Today, Hansen is the proud leader of his own foundation. His goal? Make Canada fully accessible by 2050.
To realize his dream, Hansen is empowering others to identify issues in their communities, followed by finding innovative solutions. “Whether it's visible or invisible, find an accessibility barrier in your community,” Hansen insists. “Take the initiative to set a goal—be it joining a team, volunteering your time or raising money.”
A foundation dedicated to increasing public dialogue around disability issues (which includes awarding municipalities grant money to improve on its accessible spaces), the Rick Hansen Foundation seizes every opportunity to stir up conversation.
"We need every citizen to believe that they are champions and difference makers, with a responsibility to play small or large roles in making Canada and the world a better place."
The public's response has Hansen feeling optimistic. “I’m encouraged to see Canadians identifying projects that include additions such as ramps to make schools, playgrounds and libraries more accessible; installing lifts to the aquatic centre in their community and adding sensory features to public parks to enhance the experience and wayfinding for people who are blind and deaf.”

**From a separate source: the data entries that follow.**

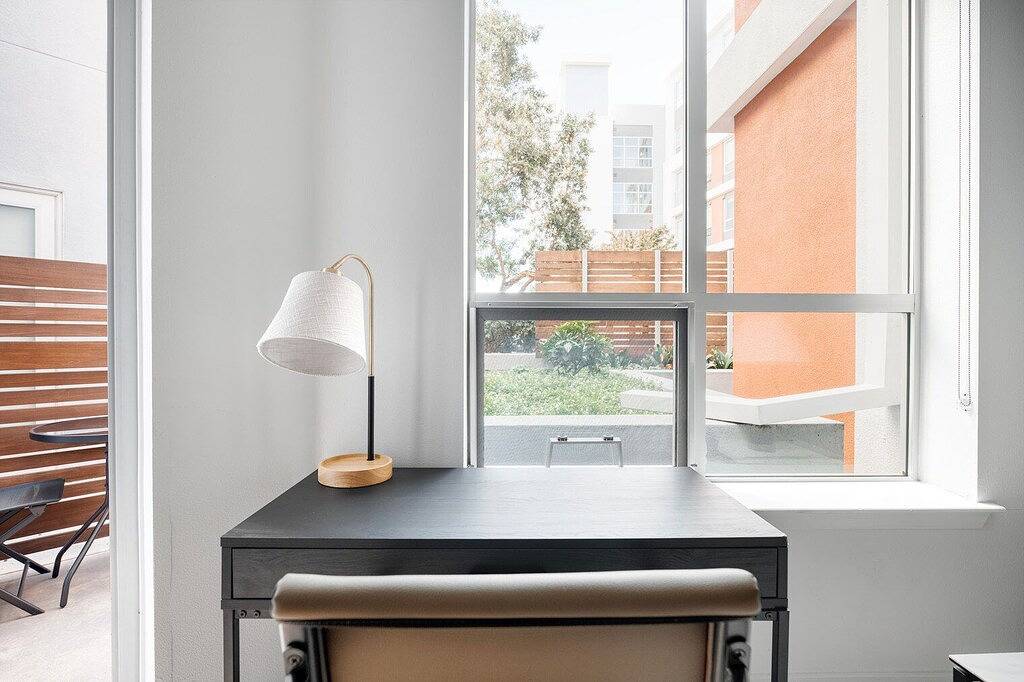 Ganze Wohnung, Ideal Redwood City 1Br w/ Gym, Lounge & W/D, nr Caltrain, by Blueground in Redwood City, Silicon Valley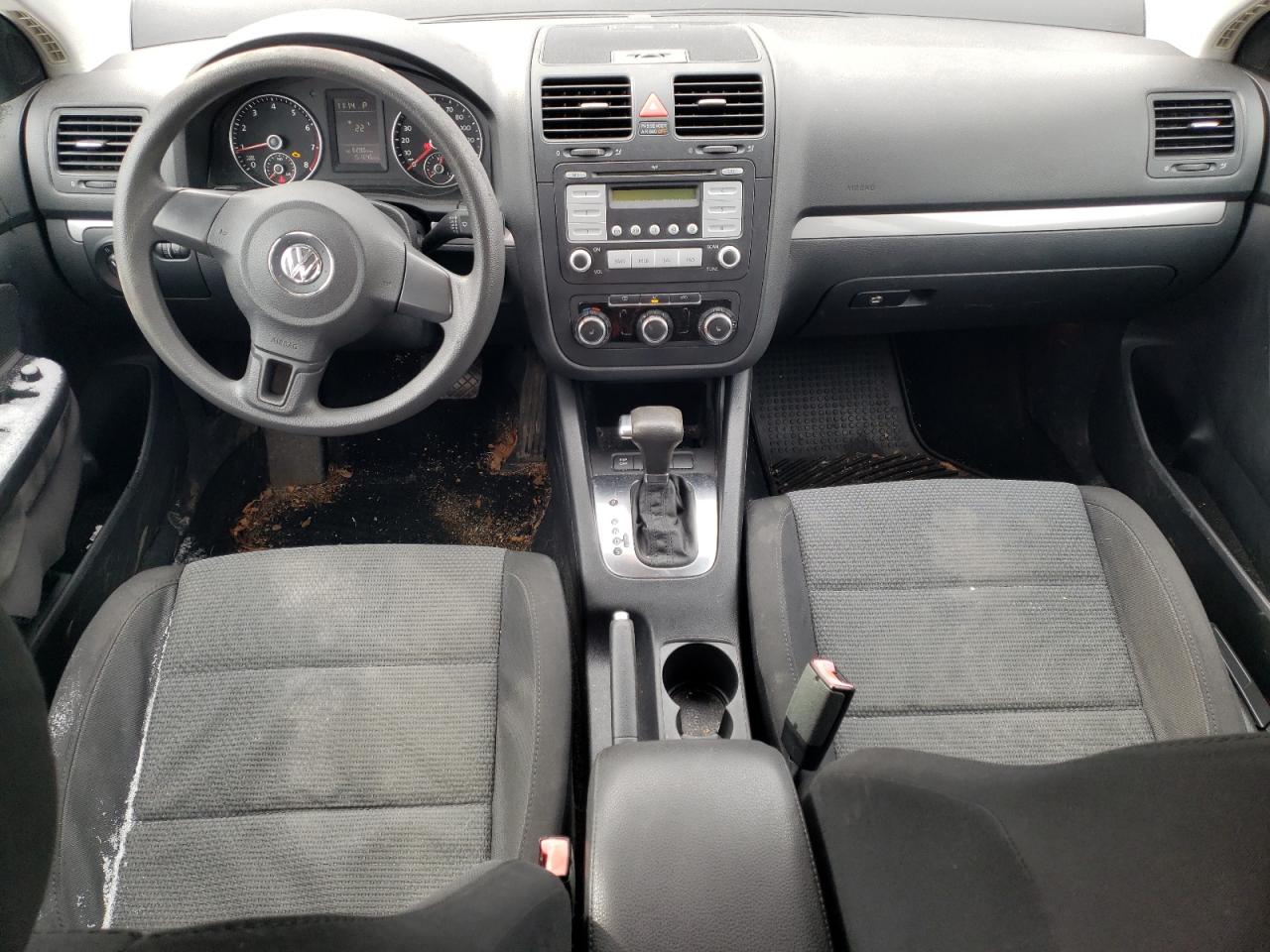 2010 Volkswagen Jetta - Image 8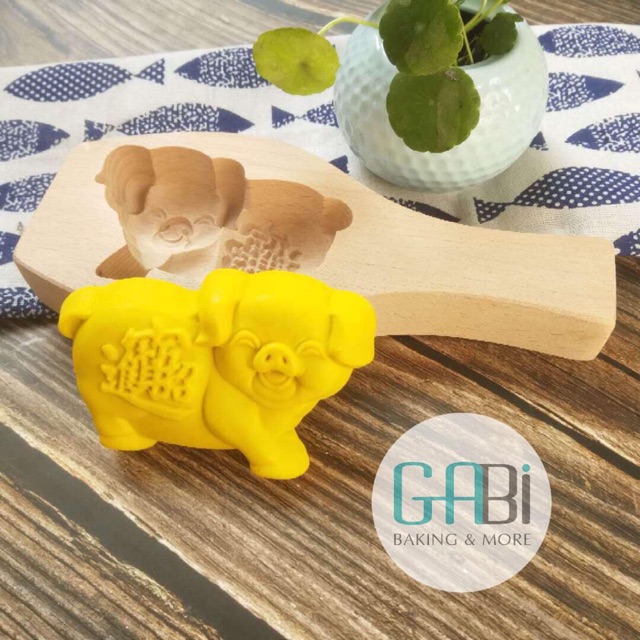 Khuôn trung thu gỗ 1 mặt thỏ/heo/hoa sen/hồng/mèo thần tài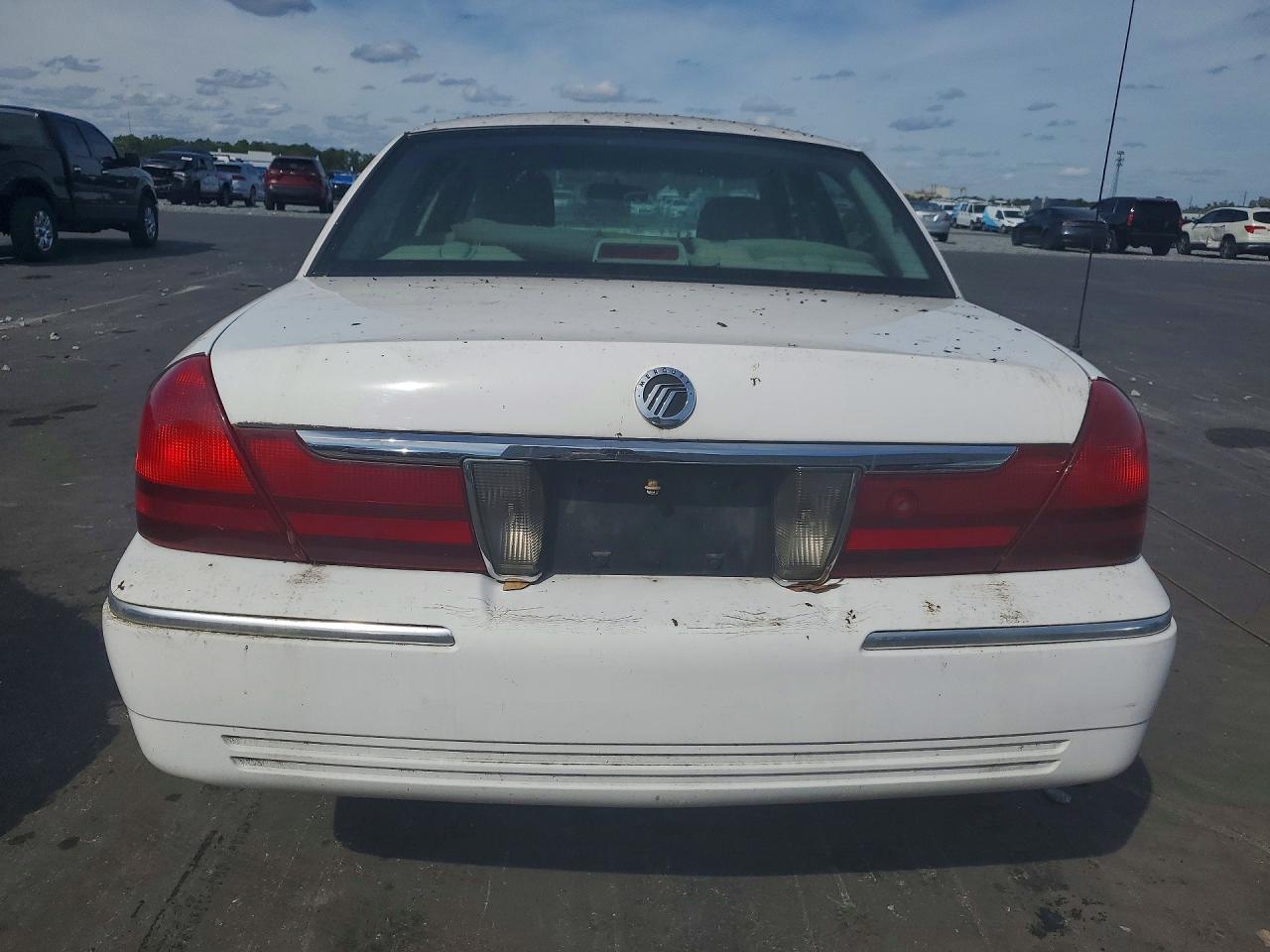 2005 Mercury Grand Marquis Gs White vin: 2MEFM74W35X673264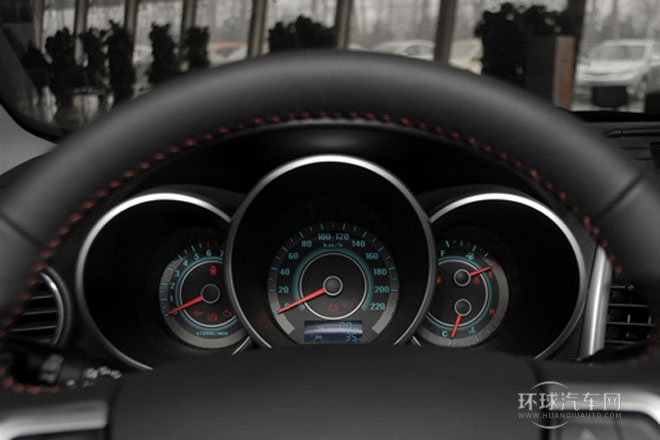 2013款 1.6L 手動致酷型 國V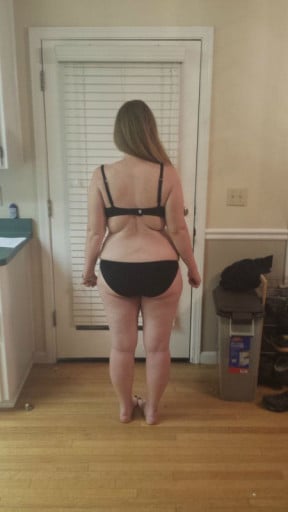 A photo of a 5'6" woman showing a snapshot of 184 pounds at a height of 5'6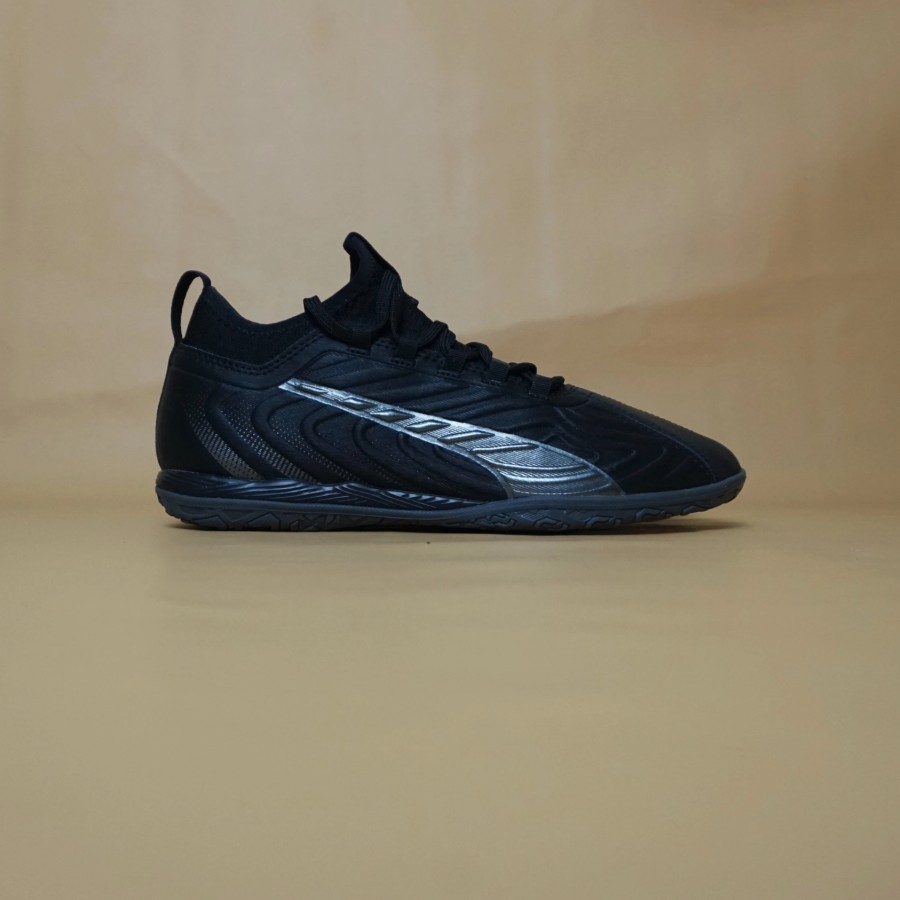 Sepatu Futsal Puma One 20.3 IT Black / Silver Original BNIB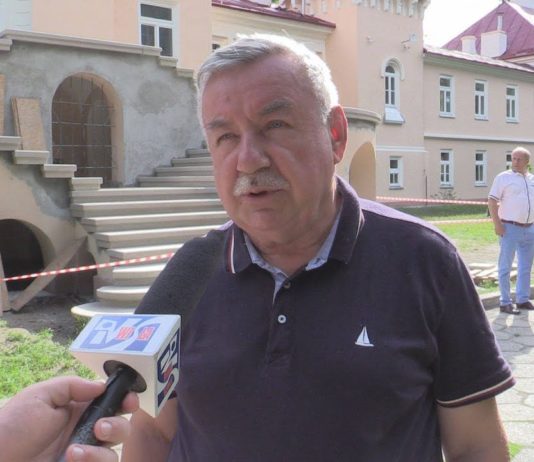 ZABYTKOWY PAŁAC NABIERA BLASKU – INWESTYCJE W GRĘBOWIE ZGODNIE Z PLANEM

Out to transform the world’s perception on disabilities, Hansen opens up about his mission in life.
Q&A with Rick Hansen
You're a long-time WE Day speaker; given your experience with all the young change-makers in the WE community, why would you say "we" is stronger than "me?"
We are all interconnected, relying on each other as a global society, as a family and a community.
And within that collective, everyone is different, which is a strength, no?
Yes. "We" reflects and respects our diversity as human beings and implies that together we are stronger. "We" bring different points of views and perspectives that exceed individual talents manifested in isolation. "We" also implies a responsibility to help each other—to be collaborative and compassionate.
You're a role model to all the students in the WE Day audience. Is mentorship important to you? Mentorship has been a huge gift in my life. My mentor, Stan Stronge, took me under his wing and helped me shift my attitude to see possibilities at a very challenging time after my injury. He changed my life by encouraging me to be a part of wheelchair basketball, helping me find affordable housing in Vancouver when I went to school and showed me how to access grants to fund my wheelchair equipment. He even helped me get a summer job at the B.C. Wheelchair Sports Association. He was always kind and compassionate. Stan inspired me to develop a sense of social responsibility and encouraged me to pay it forward.
How can the rest of us take a page from your book and pay it forward?
Be difference makers. We need every citizen to believe that they are champions and difference makers with a responsibility to play small or large roles in making Canada and the world a better place. Inclusivity is key, and we need more people committed to respect and honour the diversity of our country.
You've dedicated your life to teaching others why accessibility matters. What are the core values of an ideal Canada where this is clear?
My ideal Canada is a country where people are healthy, and we can all live in an inclusive, respectful society, within a clean environment.